History of SEB
SEB was one of the many agents studied by the United States Army for use in a biological weapons attack during the Cold War. SEB was weaponized during the 1960s and stockpiled until 1969 as Agent PG. It remained as part of the biological arsenal while the United States maintained an offensive biological capability until the Biological Weapons Conventions of 1972. Like other biological weapons, SEB was developed due to the extremely small amounts needed to incapacitate its intended victims. It is listed as a Category B agent by the CDC.
SEB may be either inhaled through the lungs or ingested through the intestinal tract. Both routes of exposure yield different results. For inhalation, the dose required to kill 50 percent of a target population (LD50) is only 0.0014 grams. The dose required to incapacitate 50 percent of a target population (ID50) is even less at 0.000028 grams (Ellison, 2008). With numbers such as these, it is easy to see why biological weapons have been identified as the “poor man’s atomic bomb.”

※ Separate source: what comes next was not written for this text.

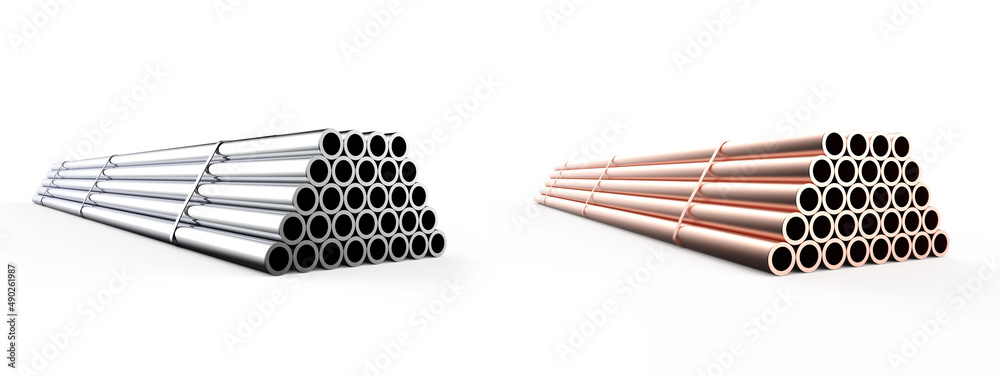 Heap of shiny metal and copper pipes Heap of shiny metal and copper pipes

Like all toxins, SEB is normally found in nature. It is not a man-made weapon such as a nerve or blister agent. Very little information exists as to how or where SEB occurs in nature. (Ulrich, 1997) Infections have been found in rodents, sheep and cattle. It has been the cause of numerous outbreaks of food poisoning, but the exact numbers cannot be known. Many incidents of food poisoning go either unreported or are simply written off as a case of the “stomach flu.” Many people do not realize they have contracted food poisoning and therefore misdiagnose themselves. This makes tracking cases of SEB outside of the laboratory environment extremely difficult.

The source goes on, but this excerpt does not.